I think that, instead of depriving employees like those of the RCMP of their vested rights, the government should set an example for the provinces in the area of labour relations.
It is a disgrace, for instance, that the federal minimum wage is lower that the provincial rates. It is unacceptable that the federal occupational safety and health legislation is not on a par with provincial legislation like Quebec's. Government should be an example to the private sector, and this is certainly not the case at present. Instead, the government is attacking vested rights of workers, in this particular case the rights of RCMP workers.
Take this other important right: the right to precautionary cessation of work for pregnant workers. This is not a right that federal public service employees enjoy, while it is already provided for in Quebec's legislation respecting occupational health and safety. A pregnant employee who works in conditions hazardous to herself or to her unborn child should be either reassigned or allowed to go on leave for the remainder of her pregnancy.
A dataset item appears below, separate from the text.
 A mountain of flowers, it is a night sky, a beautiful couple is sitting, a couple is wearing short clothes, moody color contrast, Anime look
So far, the federal government has refused to bring down anti-strikebreaking legislation. Quebec and British Columbia both have such legislation. Ontario's legislation was just repealed, but the fact remains that this kind of legislation improves labour relations and helps create a social climate conducive to economic development.
I find that democracy has progressed in our society, but not in the workplace, in businesses and in corporations, where labour relations in certain areas are still dictated in an authoritarian way, as in the case of the RCMP. The commissioner of the RCMP has unlimited rights, while the members of this police force have very limited rights.
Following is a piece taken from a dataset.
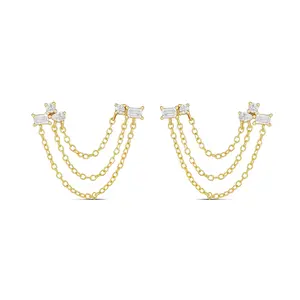 Diamond Drape Double Studs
This government has not done very much to improve the working conditions and life of workers in Canada and in Quebec. On the contrary, when faced with a legitimate strike of rail workers, it thought it wise to bring in back-to-work legislation in this sector, instead of allowing collective bargaining to operate.
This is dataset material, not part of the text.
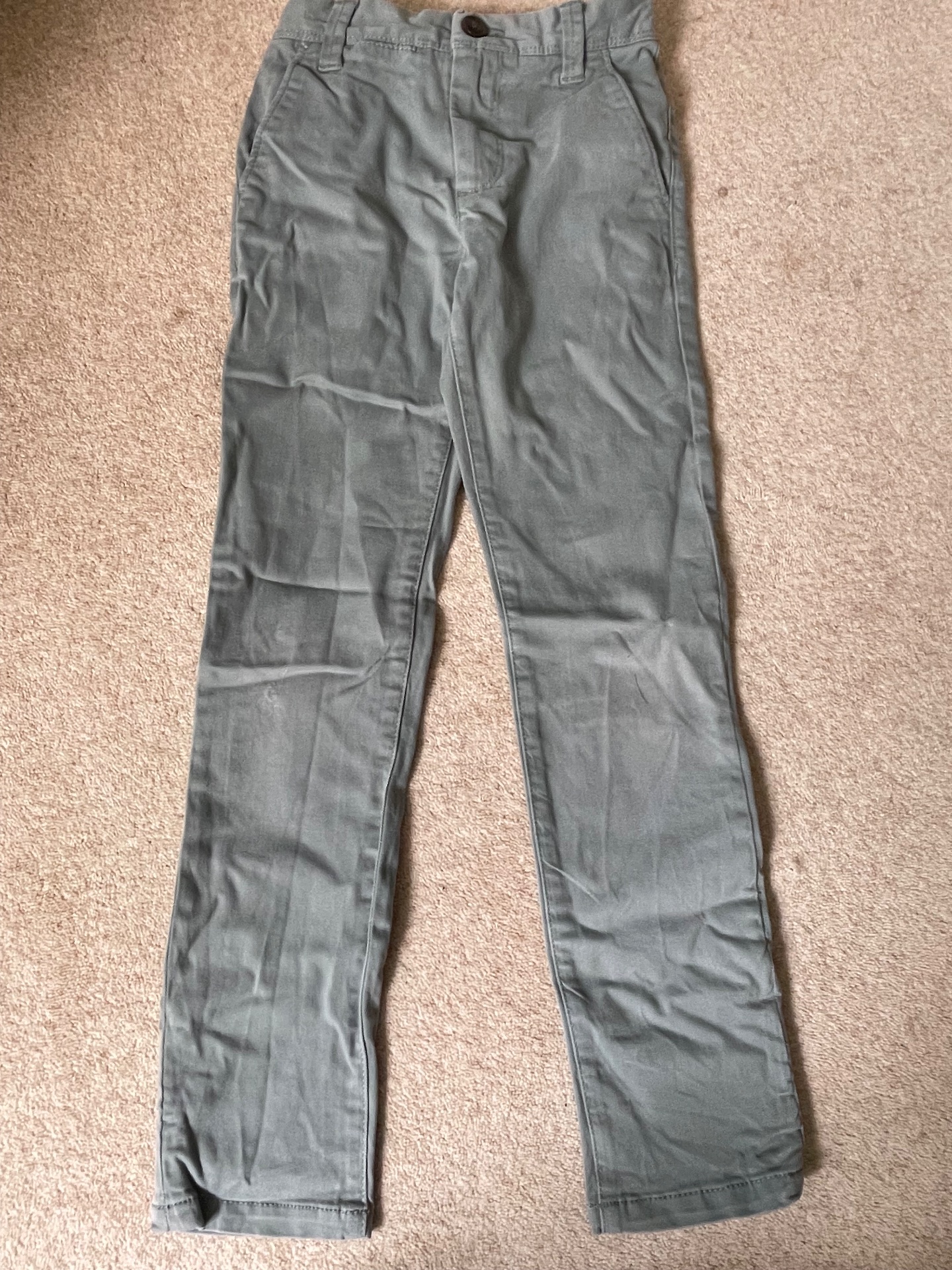 Next Boys Green-grey Chino Trousers Adjustable Waist Age 7y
The Liberals' labour relations record is very poor. They have demonstrated a favourable bias for big business, but have not shown much concern for the average worker. Instead of helping workers, there are ministers, including the Minister of Human Resources Development, who attack the Canadian Labour Congress and who have made disparaging remarks about its president, Robert White, as well as myself, but for different reasons.
This government claims to occupy the centre, but we can see that it is moving with ever increasing speed to the right, the former Liberal or neo-Conservative right, and that it has done nothing for the working class as a whole, for the workers of Canada and of Quebec.
Last Saturday, a women's march ended its journey here in Ottawa. These women had very legitimate concerns. For example, they were calling for a job creation program designed specifically for women. They were also calling for increases in the minimum wage, day care funding, and grants for women's shelters. All the government comes up with is "niet", there is no money. That is
really a shame because I think the patience of Canadians and Quebecers is running out.
What will it take for the government to act? Does it want a revolt? Does it want people to come and demonstrate daily in order to be granted their legitimate rights, rights which are recognized in other democracies, particularly in Europe? Here, they are destroying the social safety net, eliminating social programs. Where is Canadian society headed with this Liberal government?
My time is nearly up and I will conclude by saying that I am very vigorously opposed to Bill C-30.
Colleagues, I am asking to resume debate. I just want to make sure we understand clearly that we are on report stage of Bill C-30.